Hydraulic force is the force that is exerted by a fluid, such as water or oil, on an object. It is a result of the pressure applied by the fluid on the surface of the object.

## 2. How is hydraulic force calculated?

The formula for calculating hydraulic force is force = pressure x area. This means that the force is directly proportional to the pressure and the surface area of the object.

## 3. What is the relationship between hydraulic force and linkages?

Hydraulic force and linkages are related because linkages are used to transfer the force from the hydraulic system to the object being moved. This allows for a greater force to be exerted on the object without having to directly apply the force.

## 4. How does the length of a linkage affect hydraulic force?

The length of a linkage can affect hydraulic force by changing the angle at which the force is applied. A longer linkage can create a greater angle and thus a greater force, while a shorter linkage will create a smaller angle and a smaller force.

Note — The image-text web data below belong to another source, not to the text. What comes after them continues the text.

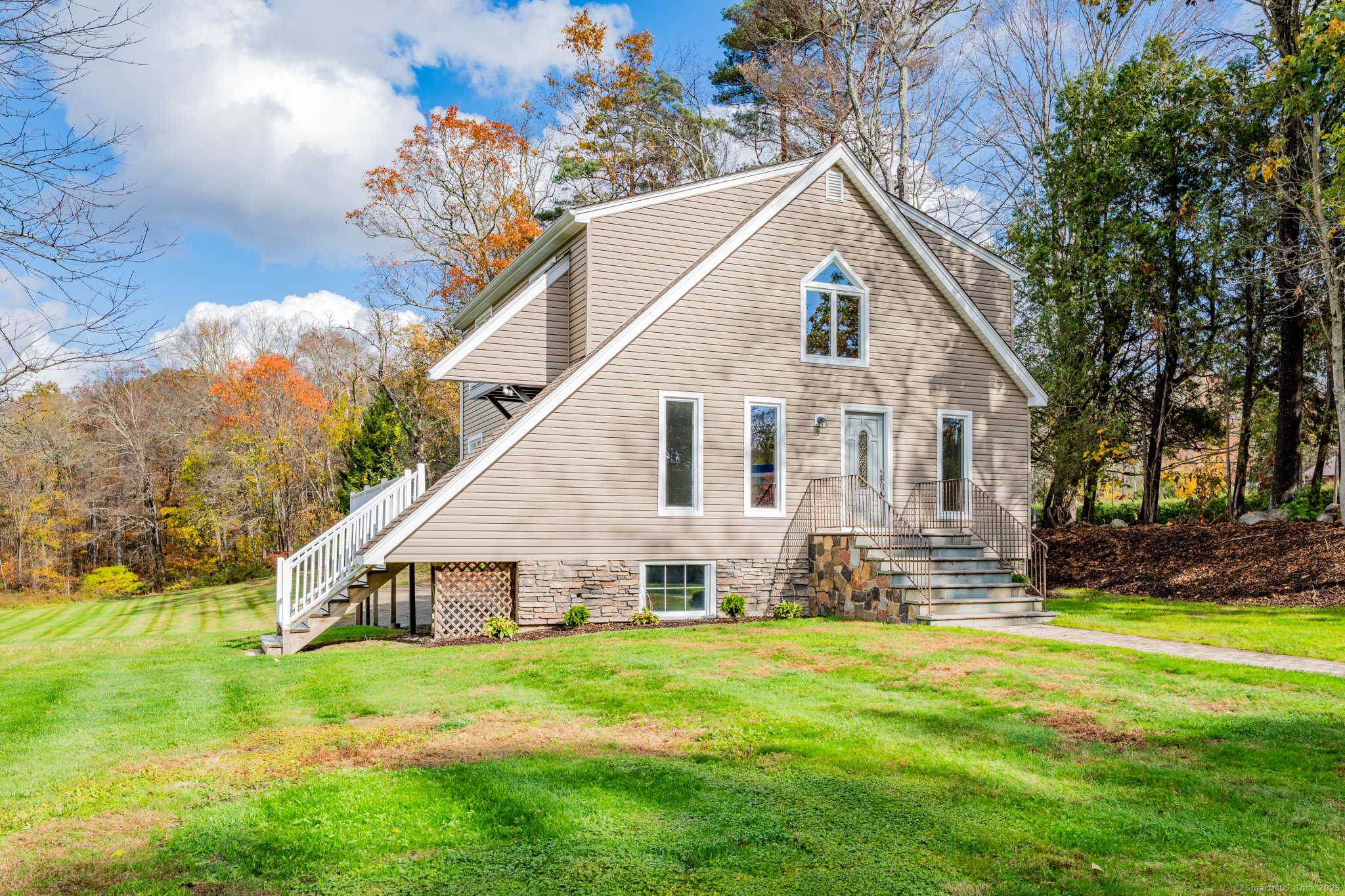 15 Lynns Corner Road Woodbury, CT 06798 - Photo 1 of 1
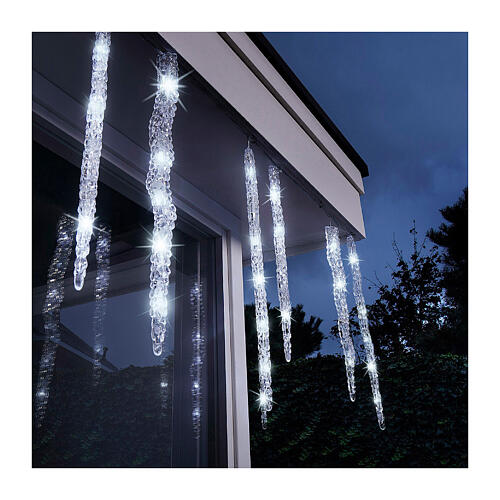 Realistic Icicle Shape with Cool White LEDs Realistic Icicle Shape with Cool White LEDs — Icicle Christmas Lights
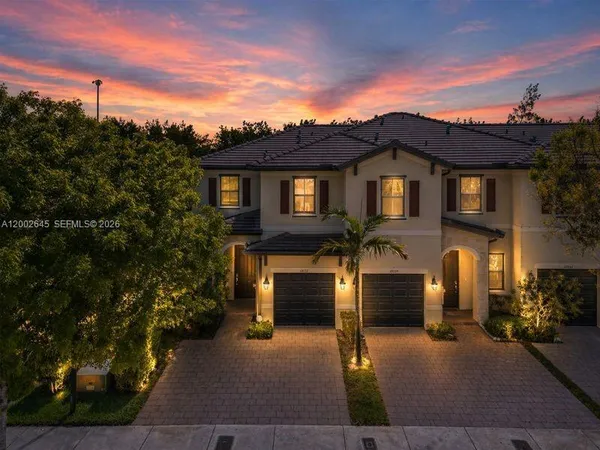 $550,000 | 10371 West 32nd Lane, Hialeah, FL 33018
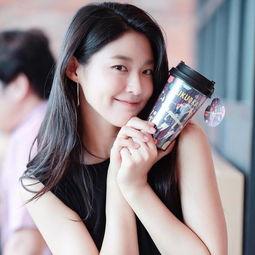 明星网红小型保温杯,明星同款，时尚保温两不误”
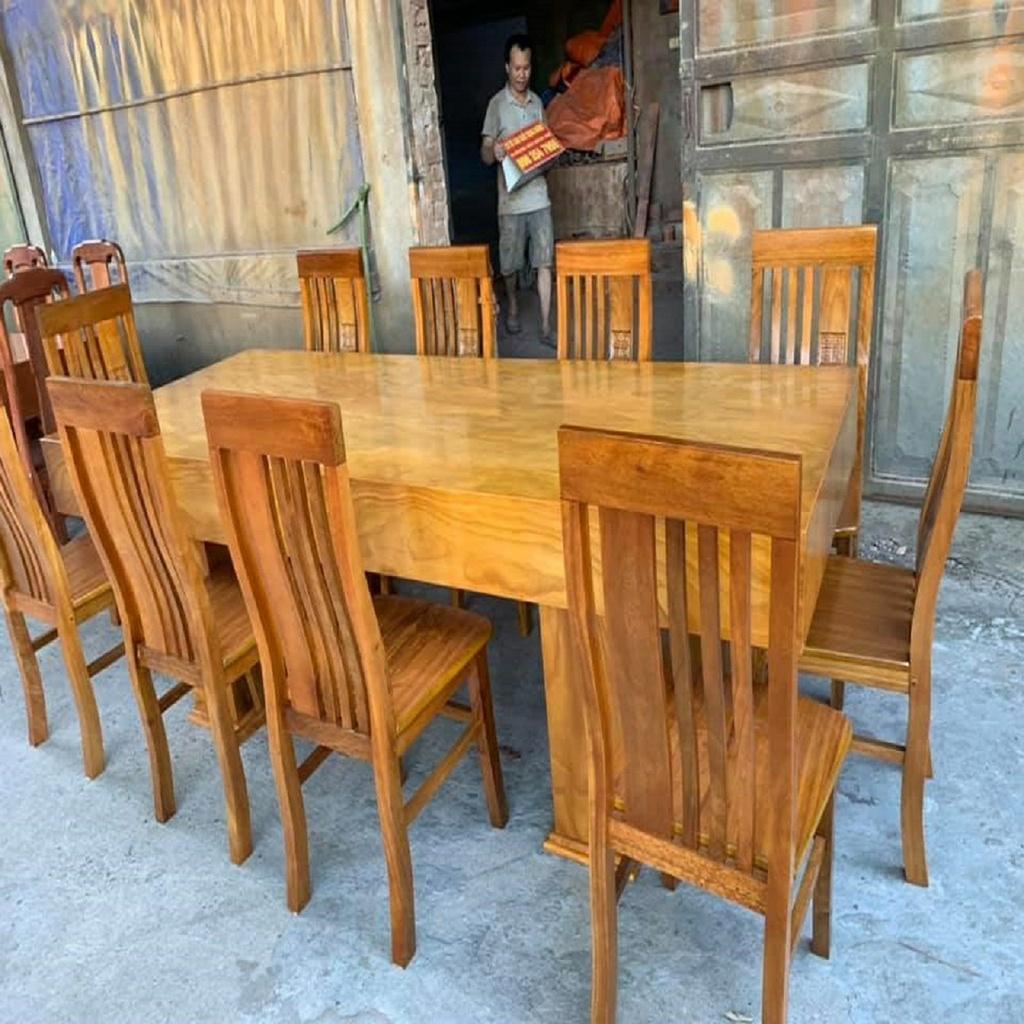 Bàn Ăn 10 Ghế Đục Chữ Thọ Lệch Gỗ Cẩm Vàng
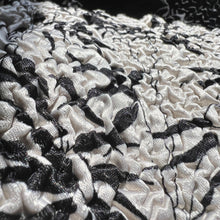 画像をギャラリービューアに読み込む, REVERSIBLE PLEATED BLOUSE
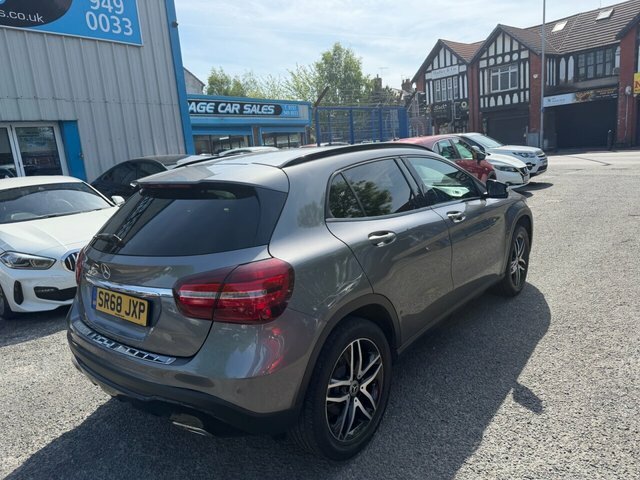 Mercedes-Benz GLA Class 2018 1.6 Gla180 Urban Edition Suv 7G-dc SR68JXP Grey #3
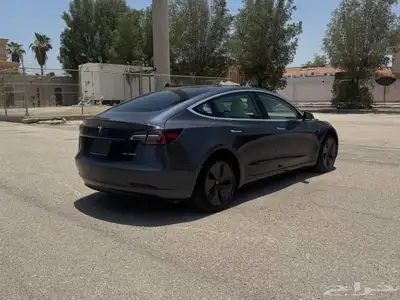 Tesla Model 3 4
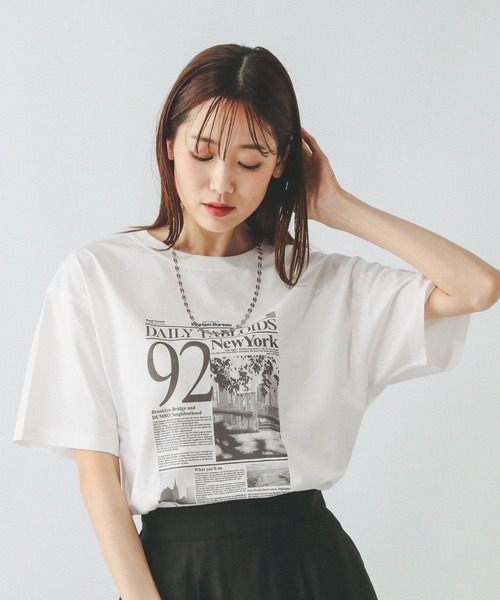 GLOBAL WORK(グローバルワーク)の「ヘビロッTEEアソートプリント/577891(Tシャツ/カットソー・レディース・ホワイト系1/ホワイト系2/ホワイト系3/ホワイト系5/ホワイト系4/スミクロ・MEDIUM/LARGE)」の5枚目の写真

## 5. What are some common applications of hydraulic force formulas to linkages?

Hydraulic force formulas to linkages are commonly used in various types of machinery and equipment, such as cranes, forklifts, and hydraulic lifts. They are also used in hydraulic systems for vehicles, such as brakes and steering. In addition, they are used in industrial processes, such as metal stamping and pressing.